The leader of the outreach staff is retired US Army Command Sergeant Major Gretchen Evans, a 27-year Airborne Infantry veteran who saw combat in Grenada, Panama, Central America, Bosnia, Somalia, Iraq, and Afghanistan with the 82nd Airborne Division. In 2006, a close encounter with a rocket at a forward operating base in Afghanistan took away her hearing and her military career. After four years of bitterness and isolation, she sought treatment for her own PTSD and traumatic brain injury.

The opportunity to work with veterans has given Evans back her career-long purpose—taking care of soldiers.

“There are two things that can happen on the battlefield when a soldier is wounded; either they are captured by the enemy or they die on the battlefield. That is why we have the motto of no soldier left behind. It is the same when these veterans come home and they’ve got invisible wounds. They are still on that battlefield, and they are wounded. They will either die of those wounds—through substance abuse, alcohol, suicide—or they are captured by the enemy—an unhealthy lifestyle, addiction, homelessness,” Evans says.

“There are more than 2.5 million post–9/11 veterans. If we don’t take care of them now, in 20 years we are going to see people in uniform homeless under bridges, the heroes of the longest war in history with high unemployment rates, high substance-abuse rates, high suicide rates," Evans says. "Someone needs to help them. If not me, then who?”

One of Evans’s staff of veteran outreach coordinators is former US Navy corpsman Deramichaelous Daniels, known as DeeMike to his colleagues and patients of the program.

Daniels enlisted after 9/11 and grappled with his own PTSD after returning to the US, then to civilian life.

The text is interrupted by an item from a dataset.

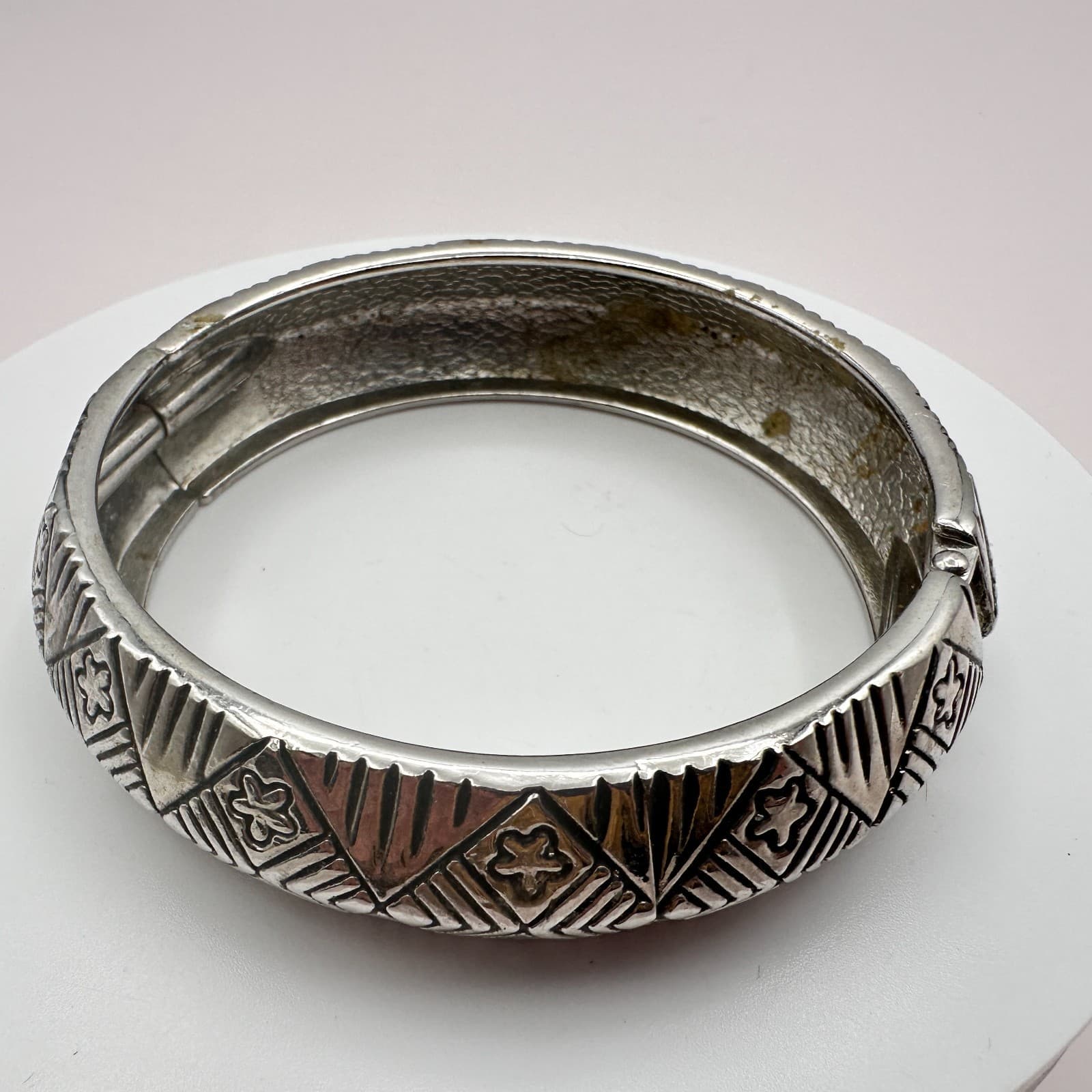Vintage 90s Silver Tone Geometric Flower Bangle Bracelet Boho Etched Jewelry Y2K - Thumbnail 2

“There is no road map for how to be reinserted in civilian life,” says Daniels, who refers to himself as “the boots on the ground” for the program, answering telephone calls from veterans or concerned family members any time, day or night. During the program, he shares meals with the veterans, accompanies them on outings, and spends downtime with them on evenings and weekends when their time isn’t occupied and their minds wander.

“I can’t help with their mental health, but we can talk about life and they can open up and share experiences with me. If I reach one person, I might save a life. If I can do that, I’m good, I’ve made a difference.”

At a graduation ceremony held at the end of each program session, veterans receive an organizational coin designed by the staff—similar to challenge coins awarded in the military to prove membership—to signify their success.

For Barnes, the program gave him a chance to regain control of a life warped by the aftermath of his war experiences. Part of his motivation was the impending birth of his son, Nikalus, who was born July 15.

“My daughter, Abby, is almost 12, and she’s grown up seeing Daddy like this. I don’t want my son growing up seeing me like that. I want him to be a better man than I am,” Barnes says. “Going through the program is the best decision I’ve ever made.”